Hay productos que se producen (y que se comercializan masivamente) que sólo se pueden comercializar porque las empresas no tienen que pagar realmente la totalidad de sus costes. Y no los tienen que pagar porque el Estado, en el capitalismo, no es una entidad neutral, ni una especie de representación colectiva que trata de introducir la racionalidad en el caos provocado por la competencia acrecentada entre las empresas, sino un espacio de combate en el que distintas facciones empresariales se disputan quién pagará o quién se aprovechará de determinados negocios, o que crea las condiciones materiales para que todas ellas se enriquezcan, formando a la población, conquistando nuevos mercados para los capitalistas locales, subvencionando determinadas actividades económicas, o  financiando con los impuestos cobrados a los contribuyentes (en gran medida extraídos de las rentas de los trabajadores y no de los beneficios de los capitalistas, como se nos quiere hacer creer) las inversiones en investigación y desarrollo necesarias para poner en marcha nuevas líneas de producción que puedan generar nuevos mercados. Ya lo hemos dicho: el capitalismo no es, en modo alguno, un sistema de “libre mercado” en el que el Estado, simplemente, “deja hacer”.

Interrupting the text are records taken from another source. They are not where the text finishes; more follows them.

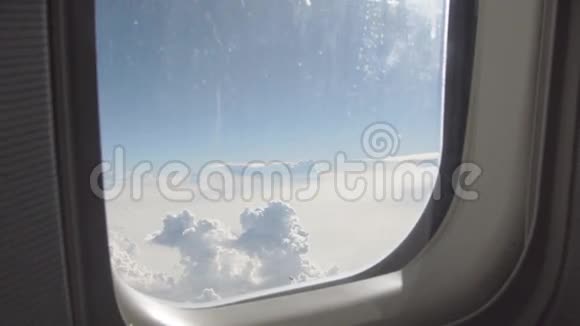 从飞机窗口飘来的云视频的预览图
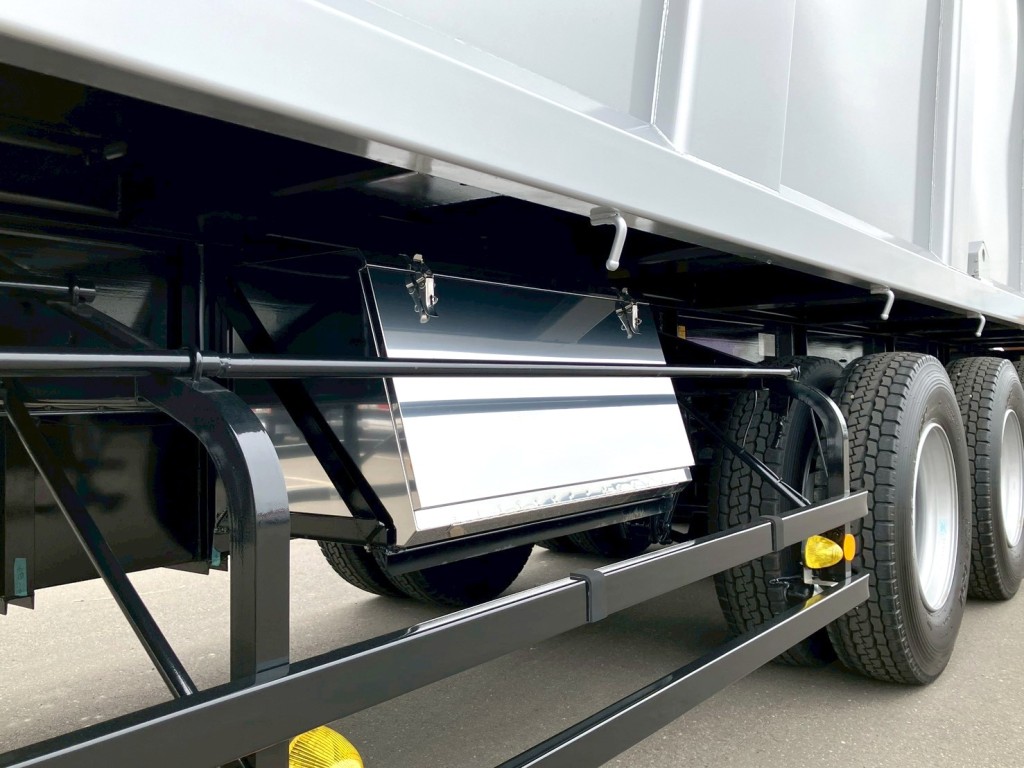 助手席側に工具箱が付いています。|フルハーフ  KFKGF340Wの写真17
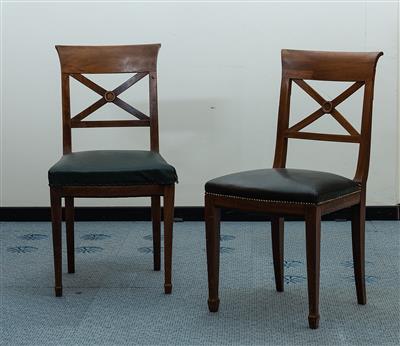 Paar Sessel in der Art d. Biedermeiers, - Ein Stück österreichische Bankgeschichte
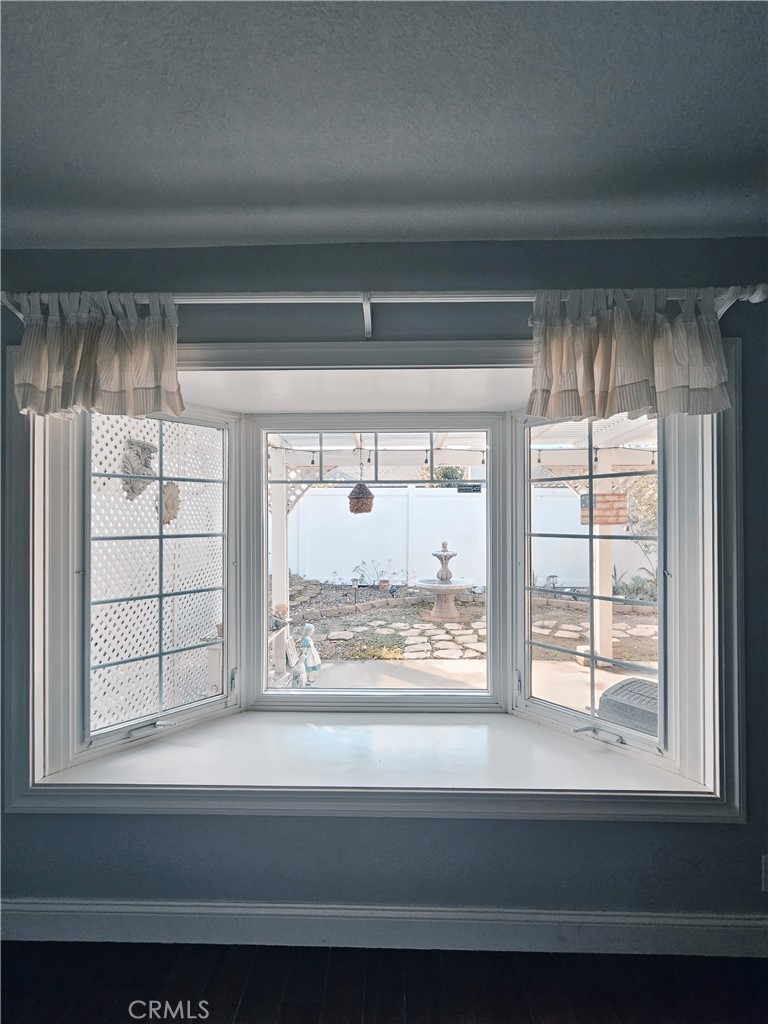 La Cuesta (LACU) - Residential Lease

Así que la crisis ecológica presente, no es un fenómeno coyuntural, “paralelo a”, secundario o accidental, en la economía capitalista. Es un resultado necesario del sistema de competencia, propiedad privada de los medios de producción e irracionalidad en la economía en que el capitalismo consiste. Es el producto inevitable de la sociedad de clases

Vivimos en plena crisis ecológica. Una crisis tan grave que ya ni los propios capitalistas la pueden negar. Ha llegado el momento en que hay que pagar muchos de sus efectos. Hay cosas que ya no pueden seguir siendo “externalidades” porque ya nos afectan a todos. El coste de la destrucción (de los ecosistemas, de la salud de las poblaciones, de los mecanismos de funcionamiento del clima, etc) y de la necesaria transición del sistema productivo tras el agotamiento de muchas fuentes de recursos naturales, es tan grande, que ya no se sabe como encararlo y ya no se puede ignorar. Ha llegado la hora de pagar, ya sea financiando los costes de la limpieza necesaria, o ya sea financiando las inversiones en investigación y desarrollo que ayuden (quizás) a encontrar nuevos avances tecnológicos que permitan ahuyentar la crisis ecológica mediante cambios fundamentales en las formas de producir. Ha llegado la hora de pagar. Pero, como siempre, los capitalistas no piensan hacerlo. Para ellos, ha llegado la hora de un nuevo gran mercado. Una nueva oportunidad de negocio.

Es por eso que se suceden los intentos de implementar un “capitalismo verde”, de convertir en fuente plusvalor el nuevo arco de necesidades de la población. El capitalismo intenta adaptarse y salir vivo de esta crisis.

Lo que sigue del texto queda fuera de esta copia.